- [TASK BRIEF]:
Among the entries that follow, locate the line with "TD Bank men's polyester polo in Blue" and the line with "Дешево, быстро и". Output those lines and all lines in between, exactly, minus the pictures.

- [INPUT MATERIAL]:

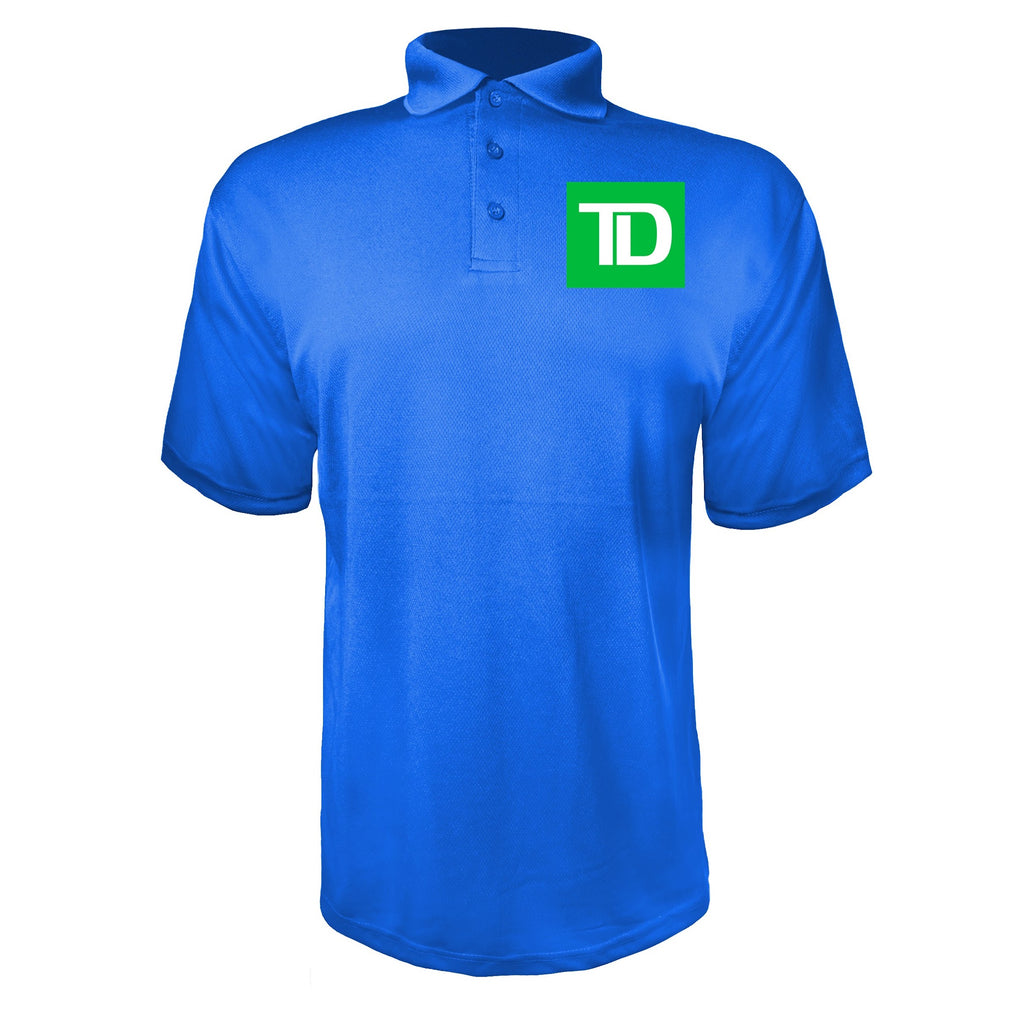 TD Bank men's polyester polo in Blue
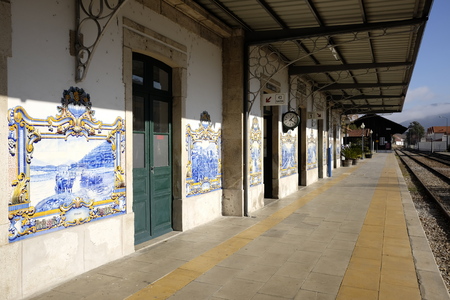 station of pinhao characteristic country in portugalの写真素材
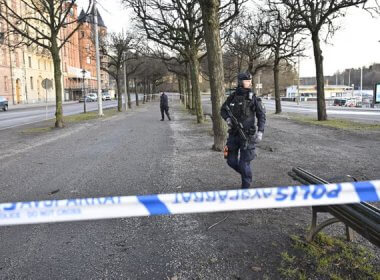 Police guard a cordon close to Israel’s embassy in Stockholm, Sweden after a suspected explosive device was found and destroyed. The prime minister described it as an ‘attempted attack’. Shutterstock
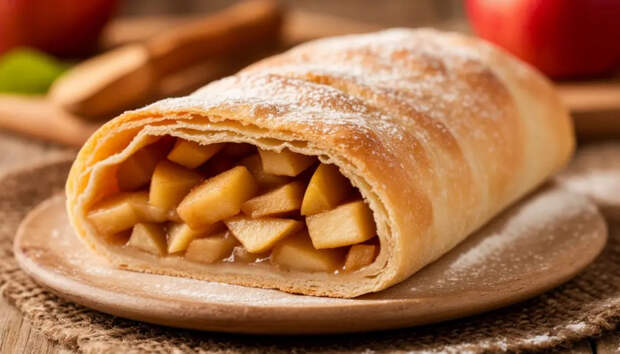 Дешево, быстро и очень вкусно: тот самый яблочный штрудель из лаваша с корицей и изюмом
--
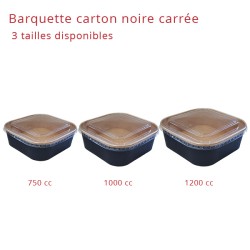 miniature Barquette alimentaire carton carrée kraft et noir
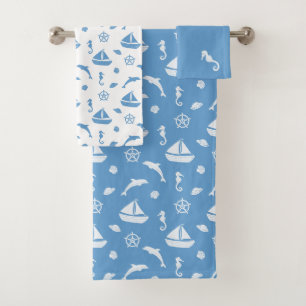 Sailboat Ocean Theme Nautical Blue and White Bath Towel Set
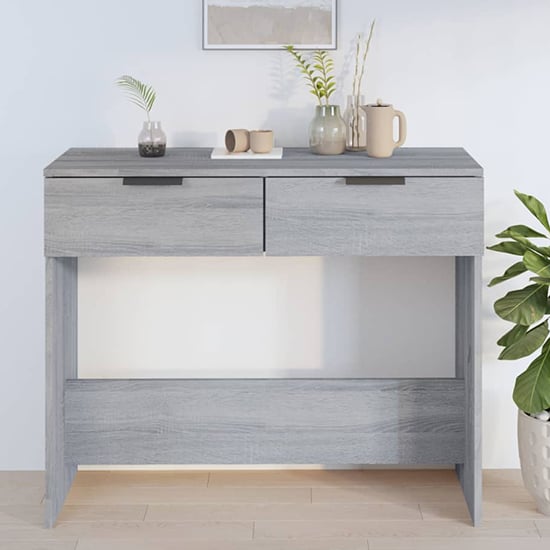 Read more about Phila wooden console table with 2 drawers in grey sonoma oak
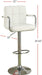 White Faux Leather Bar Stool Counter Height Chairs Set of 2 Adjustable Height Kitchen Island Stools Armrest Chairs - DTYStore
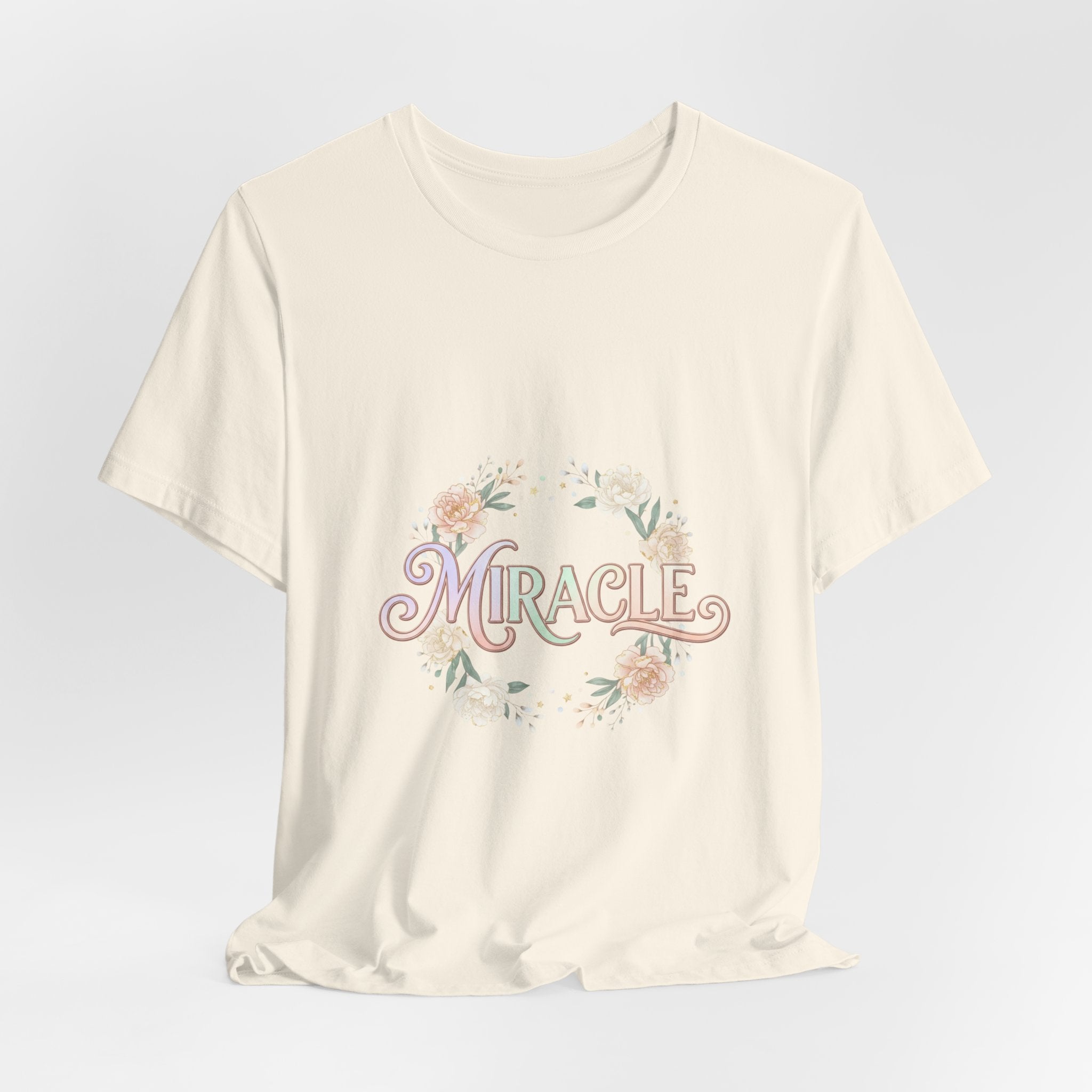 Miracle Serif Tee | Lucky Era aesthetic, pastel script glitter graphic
==
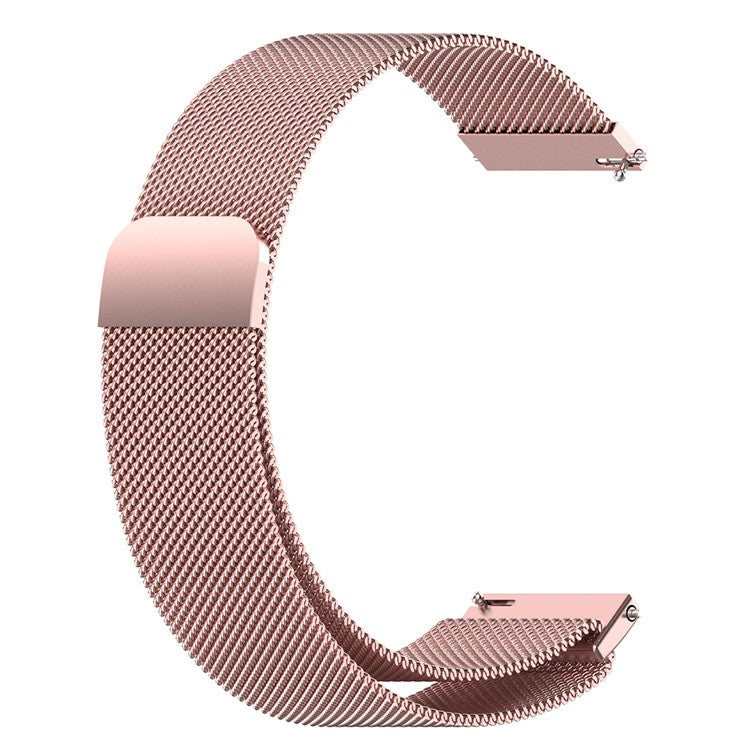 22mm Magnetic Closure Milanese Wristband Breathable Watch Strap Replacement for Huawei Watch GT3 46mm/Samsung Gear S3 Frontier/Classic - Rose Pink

- [RESPONSE TO THIS EXERCISE]:
 TD Bank men's polyester polo in Blue
 station of pinhao characteristic country in portugalの写真素材
 Police guard a cordon close to Israel’s embassy in Stockholm, Sweden after a suspected explosive device was found and destroyed. The prime minister described it as an ‘attempted attack’. Shutterstock
 Дешево, быстро и очень вкусно: тот самый яблочный штрудель из лаваша с корицей и изюмом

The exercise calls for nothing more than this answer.